XEQAL. Good word! I'll play that!
When I have free time, one of the things I do is play games on my iPhone. Zynga produces most of the games I love, and my two top games are Scramble With Friends, and Words With Friends. I play Scramble with Friends mostly with a woman I used to work with and a couple of people I don’t actually know, who I started out playing randomly matched games with, and with whom I have kept playing for almost two years now. I like Scramble With Friends a lot, mainly because I can beat most of the people I play, and when I lose, I usually don’t lose by much. Words With Friends, though, is a different story.

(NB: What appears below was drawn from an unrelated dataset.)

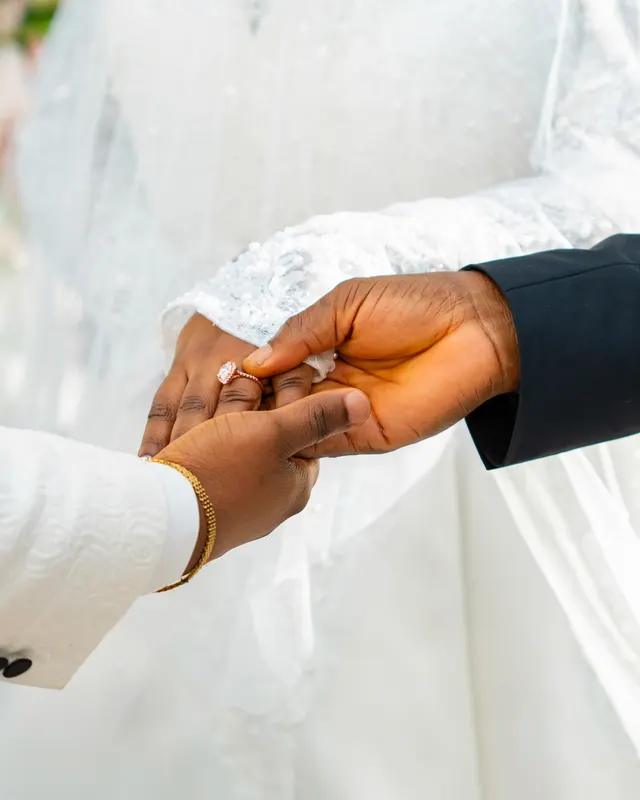 Newlyweds holding hands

When I play Words With Friends, I often experience defeat similar to that of Napoleon at Waterloo. The worst thing about the game, aside from my losing all the time, is that my opponents always seem to be able to play words that are worth, like, 85 points or something, while I will play a word worth two points. The person who most often whoops my butt is my dad. My dad and I have, like eight games going on Words With Friends at any given time. I like this arrangement because, after we reach a certain number of games, statistics are on my side and I actually stand to win one or two. I don’t know how many of you know my dad, but, (and this may be a little-known fact) he will kick anyone’s butt at any sort of word-related game.

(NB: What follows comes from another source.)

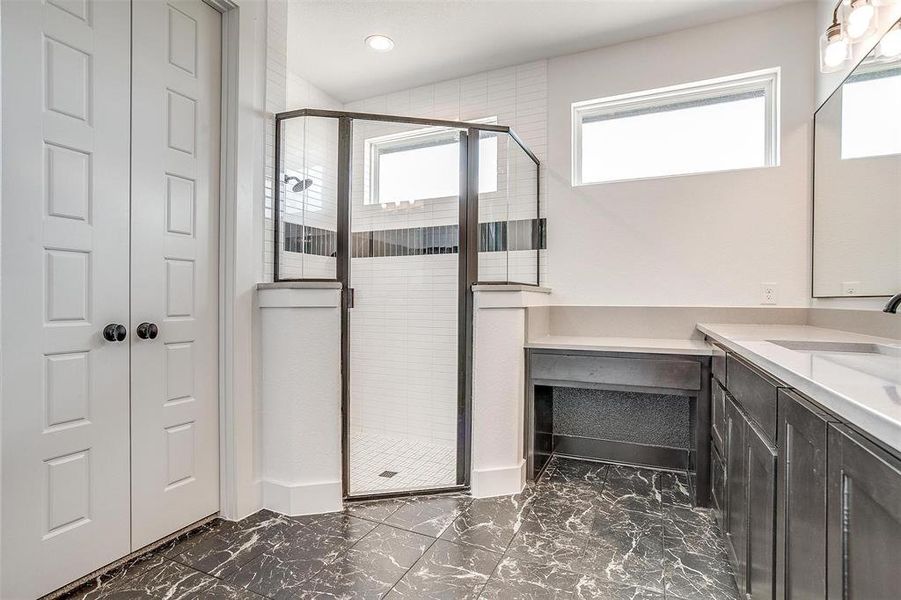 Bathroom with tile patterned floors, vanity, a shower with door, and a wealth of natural light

One time, on Christmas, my family was playing Bananagrams. If you are not familiar with the game, you get a bunch of letter tiles that come in a zippered pouch that looks like a banana, and you have to be the first person to make a bunch of words from the letters you get. You can read more about it here. Well, playing Bananagrams with my dad on Christmas was about as much fun as getting an exam from a proctologist on Christmas. The rest of us would be sitting there, puzzling over our letters, trying to come up with words, while my dad is over there, down at the end of the table, already done with all of his letters and reading the paper. I literally could not win. None of us could. No one could even come close. It was like in The Matrix, when the agents tried to fight Neo, and they would get so far as to even cut him up a little, but then he would just zoom back and knock them into another state. (I have been enjoying HBO Go on my Apple TV by watching The Matrix Trilogy, but that’s a story for another day)

Now, when I play Words With Friends with my dad, I experience the same type of annihilation on a regular basis, only I will win maybe one out of every ten games. My dad is a sneaky devil. I don’t know if he plans to play this way, or if it just happens, but he will even let you get ahead of him, and then he will come back and play a word and jump way ahead of you. So I’m sitting there playing the word “it” for two points, because I have five letter i’s, an o, and a t, and then he comes back playing the word “quais” on a triple word score tile with the q on a triple letter score tile, for like 870,000 points. What the hell is a “quais,“ anyway?

Okay, I just looked it up, and it is the plural form of “quai,” which is an alternate spelling of “quay,” a word I actually know. It means, “a structure built parallel to the bank of a waterway for use as a landing place,” according to Merriam-Webster. But how does my dad even know this? The word is French, and I don’t think he even ever took French. The man has some sort of computer-like ability to learn and memorize words.

What do you mean Doritos isn't
a word???!
My talent, meanwhile, seems to be in discovering that I have all of the letters to play a really awesome word. It will take me approximately four and a half days to scour and search my letters to come up with the word. I will even find a place to put said word, on the game board, and the little number will light up next to it telling me that I am going to get 150 million points or something for my word if I play it. I am super excited, because, not only have I placed the word on a triple word score tile, but I have also used all seven letter tiles, which gets you extra points. So, I press the play button, and the game informs me that my word “is not an acceptable word.” And then I fuss at the game. Since when is “Doritos” not an acceptable word?! I see it used all the time on commercials, and on the bags of chips I walk by in the grocery store! (I have to speed on down the chips aisle to avoid my Weight Watchers arch nemesis, Baked Cheetos.) And, then, like John McEnroe after a particularly difficult defeat, I kneel down in anger, contemplating what might have been.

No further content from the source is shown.